Raising Generous Kids
Raising selfless and generous kids in a world that focuses more on themselves and values results over human relationships can be a challenge for parents today. Like many young parents, I hope that my kids will grow up to be wise and smart, and who are not easily bullied. Yet I also hope that they will grow up to be sensitive, generous and compassionate to the people around them.
As I thought about what my husband and I can do to ‘educate’ and build the art of generosity and selflessness in their character, we agree that it has to start with ourselves and at home.
1. Be the Example: Role modeling what generosity is like
How are you showing your kids what a selfless and generous life looks like? Our kids will not learn to be selfless or generous unless you first become a role model for them. They learn best while observing our behaviours and habits; we are their best models as they spend the largest amount of their time with us. If there are areas you know that you are self-absorbed with, perhaps it is time for a change! It’s never too late to model good values to our children.
2. Teach your kids to honor other people
The second most important step in raising selfless and generous kids is to teach our kids to honor other people by putting other people first. It is important to teach our kids that there is more value and satisfaction in putting others first than to seek attention for themselves. One way is to point out opportunities to perform acts of kindness to people around you, your family members, neighbours and also the strangers you meet on the streets. We can teach them to interact with good manners, and appreciate others with small acts of love such as thanking them or offering their favourite biscuit or toy with their friends. We can also create opportunities for them to display their act of kindness and generosity from doing a household chore to help your family, to volunteering for a community service project that particularly interests them.
3. Create generous opportunities
Whenever possible, we can try to create opportunities to teach our kids on the art of generosity, such as educating them on how to manage money. It is important to teach them about money from an early age, whether it is through their weekly allowance, building the habit of saving or paying them for chores.
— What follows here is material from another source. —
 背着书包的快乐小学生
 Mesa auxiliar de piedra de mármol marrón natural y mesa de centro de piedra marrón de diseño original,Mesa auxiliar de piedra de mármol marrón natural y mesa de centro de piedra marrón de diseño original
- Building the habit and the joy of saving
We bought a plastic piggy bank for Samuel to begin his journey of saving. Whenever we come home from work or an outing, we would offer our spare coins to Samuel to put them into his little piggy bank. We aim to continue to do so, and eventually ask him if he would like to donate or tithe part of his saving to church, to someone or some charity organization.
I know of a parent who gives their children weekly allowances. Whenever they do that, they would sit them down with each of their kid to fill a ‘donation’ container. They would have a choice to allocate a portion of their allowance as a tithe at church and another portion to savings. It is important to note that if our kids choose not to give, don’t place any guilt on them. It is after all best that they give with a cheerful and sincere heart! If that happens, we can continue to persist to encourage them in the months ahead. But when they do choose to give, we could praise their decision and actions.
4. Discussing needs vs. wants
Helping our kids learn the importance of needs and wants may help them lay down the way their future shapes up. When the distinction between needs and wants blur, kids grow up feeling over-privileged. It is important for parents to talk to our kids openly about poverty, inequality and money. We can use newspaper articles or media that you come across to start such discussions with them.
As parents we need to help them to learn that while it is important and all right to fulfil some of the wants, we need to remember that needs can be fulfilled but never all our wants. So even if you can afford it, sometimes saying NO to some of the things your child wants can help bring a lesson to him or her in this journey of learning to be frugal with what they have.
5. Appreciate the positives
It is important for parents to bear in mind that it is not easy for a toddler or a pre-schooler to fully understand the concept of generosity and service to others. Sometimes they may resent having to give away their toys or donate their money. We have to learn to deal with their emotions in the most understanding and compassionate manner, and know that it is all right if they don’t want to do it. Don’t be too hard on yourself if they choose not to share or fight over the things that they have.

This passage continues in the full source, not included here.